- Your assignment: All that is wanted is the exact lines from the first line of the data below through the line with "And there you", both ends included, with pictures omitted.

- The data:
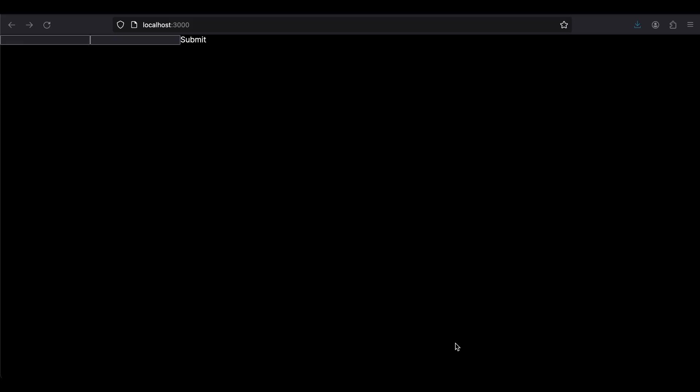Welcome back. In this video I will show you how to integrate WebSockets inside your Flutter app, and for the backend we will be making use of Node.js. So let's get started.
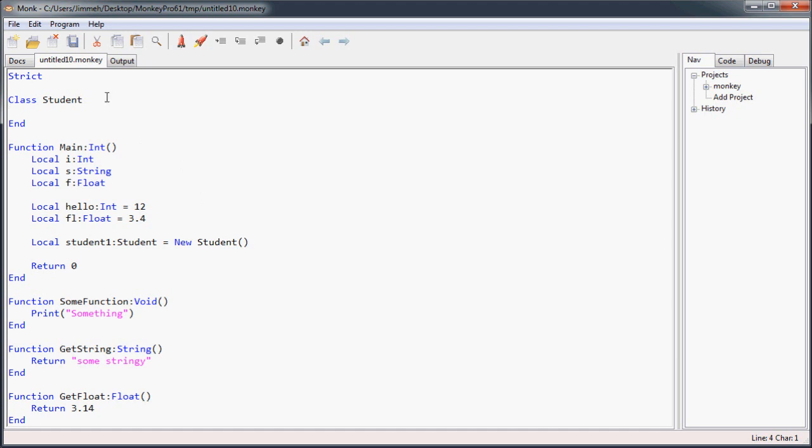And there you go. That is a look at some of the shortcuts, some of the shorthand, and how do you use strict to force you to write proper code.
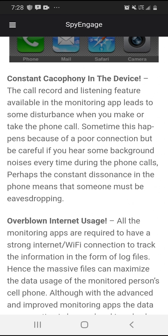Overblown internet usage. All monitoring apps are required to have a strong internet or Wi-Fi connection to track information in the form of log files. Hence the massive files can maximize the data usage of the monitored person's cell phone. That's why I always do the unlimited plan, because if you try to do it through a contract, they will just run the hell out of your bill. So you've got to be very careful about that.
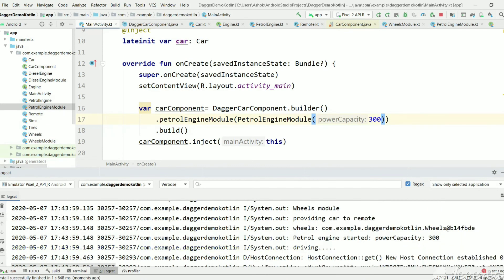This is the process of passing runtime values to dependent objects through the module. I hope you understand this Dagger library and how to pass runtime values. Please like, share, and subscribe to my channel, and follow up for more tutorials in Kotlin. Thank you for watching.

- Reply:
Welcome back. In this video I will show you how to integrate WebSockets inside your Flutter app, and for the backend we will be making use of Node.js. So let's get started.
And there you go. That is a look at some of the shortcuts, some of the shorthand, and how do you use strict to force you to write proper code.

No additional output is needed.